问题
I have a dataframe with monthly financial data:
In [89]: vfiax_monthly.head()
Out[89]:
year month day d open close high low volume aclose
2003-01-31 2003 1 31 731246 64.95 64.95 64.95 64.95 0 64.95
2003-02-28 2003 2 28 731274 63.98 63.98 63.98 63.98 0 63.98
2003-03-31 2003 3 31 731305 64.59 64.59 64.59 64.59 0 64.59
2003-04-30 2003 4 30 731335 69.93 69.93 69.93 69.93 0 69.93
2003-05-30 2003 5 30 731365 73.61 73.61 73.61 73.61 0 73.61
I'm trying to calculate the returns like that:
In [90]: returns = (vfiax_monthly.open[1:] - vfiax_monthly.open[:-1])/vfiax_monthly.open[1:]
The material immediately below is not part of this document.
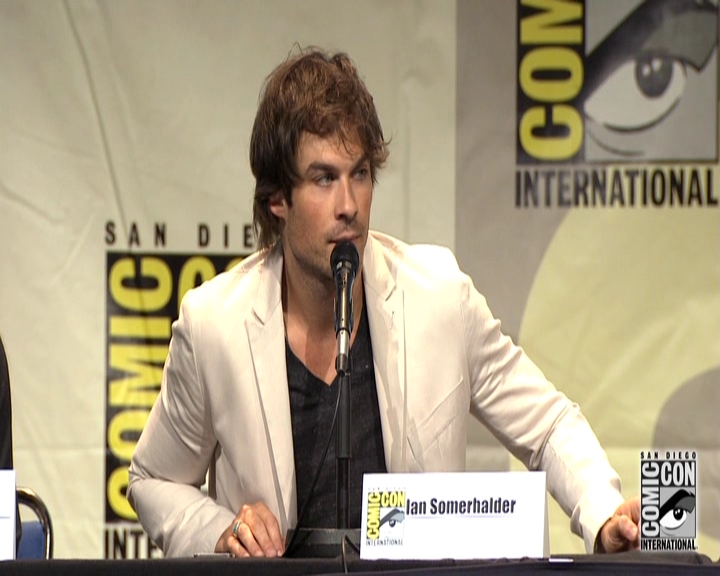 VampireDiariesWorld-dot-nl_S7-dvdextra-2015ComicConPanel0725.jpg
But I'm getting only zeroes:
In [91]: returns.head()
Out[91]:
2003-01-31 NaN
2003-02-28 0
2003-03-31 0
2003-04-30 0
2003-05-30 0
Freq: BM, Name: open
I think that's because the arithmetic operations get aligned on the index and that makes the [1:]
and [:-1]
useless.
My workaround is:
In [103]: returns = (vfiax_monthly.open[1:].values - vfiax_monthly.open[:-1].values)/vfiax_monthly.open[1:].values
In [104]: returns = pd.Series(returns, index=vfiax_monthly.index[1:])
In [105]: returns.head()
Out[105]:
2003-02-28 -0.015161
2003-03-31 0.009444
2003-04-30 0.076362
2003-05-30 0.049993
2003-06-30 0.012477
Freq: BM
Is there a better way to calculate the returns? I don't like the conversion to array and then back to Series.
回答1:
Instead of slicing, use .shift
to move the index position of values in a DataFrame/Series. For example:
returns = (vfiax_monthly.open - vfiax_monthly.open.shift(1))/vfiax_monthly.open.shift(1)
This is what pct_change
is doing under the bonnet. You can also use it for other functions e.g.:
(3*vfiax_monthly.open + 2*vfiax_monthly.open.shift(1))/5
You might also want to looking into the rolling and window functions for other types of analysis of financial data.
回答2:
The easiest way to do this is to use the DataFrame.pct_change() method.
Here is a quick example
In[1]: aapl = get_data_yahoo('aapl', start='11/1/2012', end='11/13/2012')
In[2]: appl
Out[2]:
Open High Low Close Volume Adj Close
Date
2012-11-01 598.22 603.00 594.17 596.54 12903500 593.83
2012-11-02 595.89 596.95 574.75 576.80 21406200 574.18
2012-11-05 583.52 587.77 577.60 584.62 18897700 581.96
2012-11-06 590.23 590.74 580.09 582.85 13389900 580.20
2012-11-07 573.84 574.54 555.75 558.00 28344600 558.00
2012-11-08 560.63 562.23 535.29 537.75 37719500 537.75
2012-11-09 540.42 554.88 533.72 547.06 33211200 547.06
2012-11-12 554.15 554.50 538.65 542.83 18421500 542.83
2012-11-13 538.91 550.48 536.36 542.90 19033900 542.90
In[3]: aapl.pct_change()
Out[3]:
Open High Low Close Volume Adj Close
Date
2012-11-01 NaN NaN NaN NaN NaN NaN
2012-11-02 -0.003895 -0.010033 -0.032684 -0.033091 0.658945 -0.033090
2012-11-05 -0.020759 -0.015378 0.004959 0.013558 -0.117186 0.013550
2012-11-06 0.011499 0.005053 0.004311 -0.003028 -0.291453 -0.003024
2012-11-07 -0.027769 -0.027423 -0.041959 -0.042635 1.116864 -0.038263
2012-11-08 -0.023020 -0.021426 -0.036815 -0.036290 0.330747 -0.036290
2012-11-09 -0.036049 -0.013073 -0.002933 0.017313 -0.119522 0.017313
2012-11-12 0.025406 -0.000685 0.009237 -0.007732 -0.445323 -0.007732
2012-11-13 -0.027502 -0.007250 -0.004251 0.000129 0.033244 0.000129
回答3:
The best way to calculate forward looking returns without any chance of bias is to use the built in function pd.DataFrame.pct_change()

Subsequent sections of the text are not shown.